┌────────
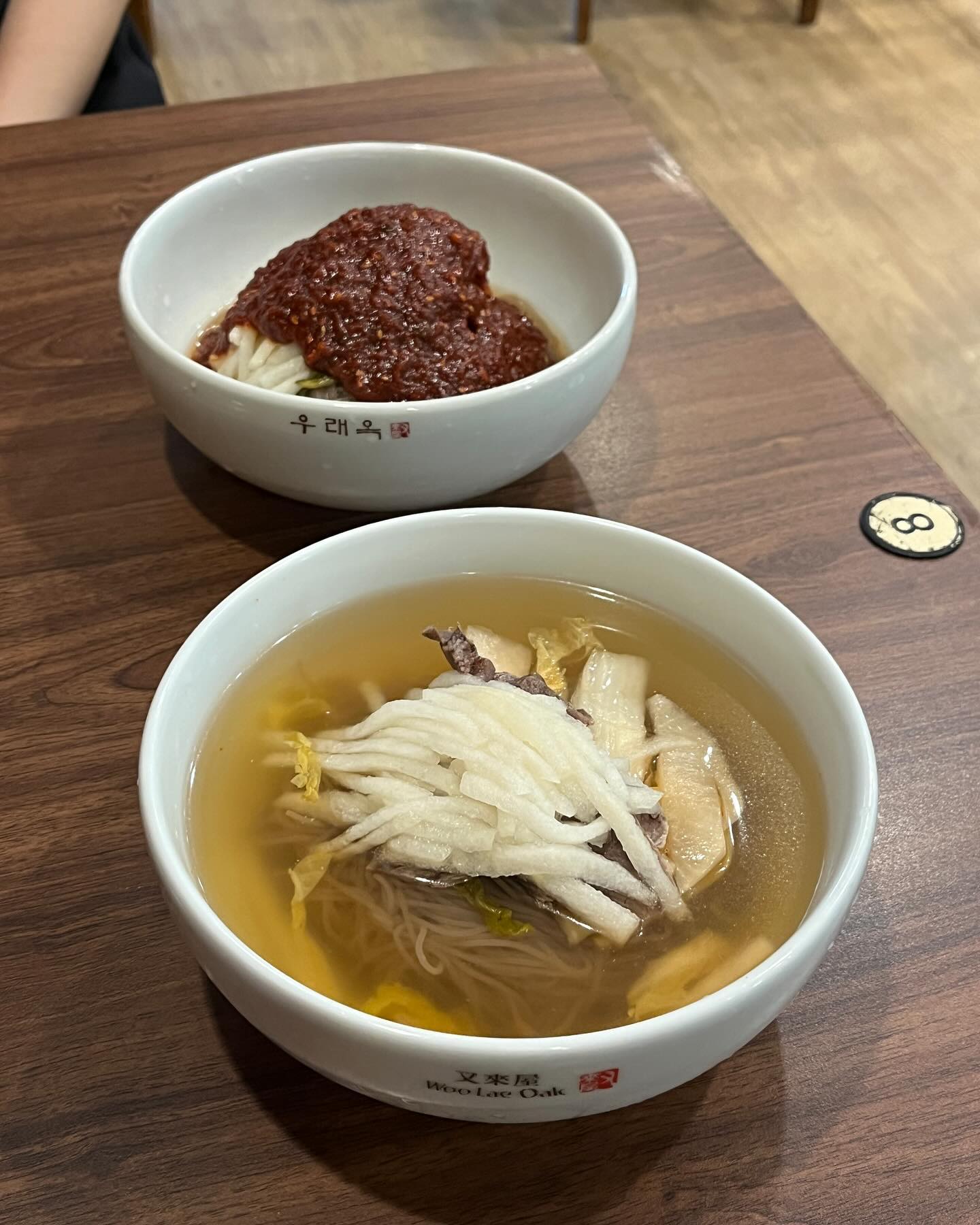 북한 연회장에 들어간 느낌! 💃🏻

📍#우래옥 #을지로
🍽️ #평양냉면 #평양비빔냉면 

평냉집들 중 육수에 육향이 있는 편이라던 우래옥.
개인적으로 아주 조금 어려운 편에 속하는 평냉이었다
국물에서 살짝 고기 비린향이 느껴졌던 편!

면은 아주 아주 부드럽다
백발의 어르신들도 많이 계셨는데, 다들 무리 없이 맛있게 드셨을 듯 하다

비빔냉면은 비쥬얼은 엄청 매워보이는데, 달달함 그 자체!!!
맛있었다!!! 단지 익숙한 맛이었을 뿐!
괜시리 특이한 맛을 기대하고 있긴 했었다🤣

다른 평냉집에 비해 좋았던 점이라면,
고기가 유의미하단점?!
고기랑 같이 먹었을 때 풍미가 살아나는게 티가 났다!!!😋

신기한게 계란 반쪽이 없었다! 먹을 때는 모르다가 다 먹고 나서야 깨달음. 안 넣는 이유도 궁금,,

두그릇 클리어하고 사리추가로 냉면 한 그릇을 더 탄생시킴,,
완벽하게 입맛에 맞는게 아니면서도 아주 술술 잘 들어가는 맛이었기에✨그게 맛있는건가,,

필동면옥보다는 조금 더 쉬운 맛
좀 더 으른이 되고 다시 와보면 더 잘 먹으려나 싶었다
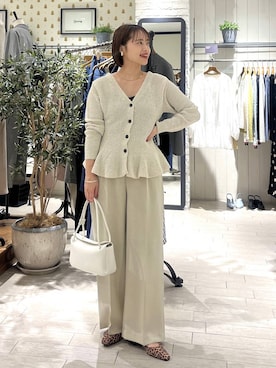 「A part by（アパートバイ）の【多機能・セットアップ対応可能】リネンライクパンツ（その他パンツ、ベージュ系）」を使った、maruさん（レディース・158cm）の春コーディネート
└────────
_WHAT IS NEEDED:_
Where pictures occur in the material above, omit them and return everything else exactly.

_RESPONSE TO THE TASK:_
 북한 연회장에 들어간 느낌! 💃🏻

📍#우래옥 #을지로
🍽️ #평양냉면 #평양비빔냉면 

평냉집들 중 육수에 육향이 있는 편이라던 우래옥.
개인적으로 아주 조금 어려운 편에 속하는 평냉이었다
국물에서 살짝 고기 비린향이 느껴졌던 편!

면은 아주 아주 부드럽다
백발의 어르신들도 많이 계셨는데, 다들 무리 없이 맛있게 드셨을 듯 하다

비빔냉면은 비쥬얼은 엄청 매워보이는데, 달달함 그 자체!!!
맛있었다!!! 단지 익숙한 맛이었을 뿐!
괜시리 특이한 맛을 기대하고 있긴 했었다🤣

다른 평냉집에 비해 좋았던 점이라면,
고기가 유의미하단점?!
고기랑 같이 먹었을 때 풍미가 살아나는게 티가 났다!!!😋

신기한게 계란 반쪽이 없었다! 먹을 때는 모르다가 다 먹고 나서야 깨달음. 안 넣는 이유도 궁금,,

두그릇 클리어하고 사리추가로 냉면 한 그릇을 더 탄생시킴,,
완벽하게 입맛에 맞는게 아니면서도 아주 술술 잘 들어가는 맛이었기에✨그게 맛있는건가,,

필동면옥보다는 조금 더 쉬운 맛
좀 더 으른이 되고 다시 와보면 더 잘 먹으려나 싶었다
 「A part by（アパートバイ）の【多機能・セットアップ対応可能】リネンライクパンツ（その他パンツ、ベージュ系）」を使った、maruさん（レディース・158cm）の春コーディネート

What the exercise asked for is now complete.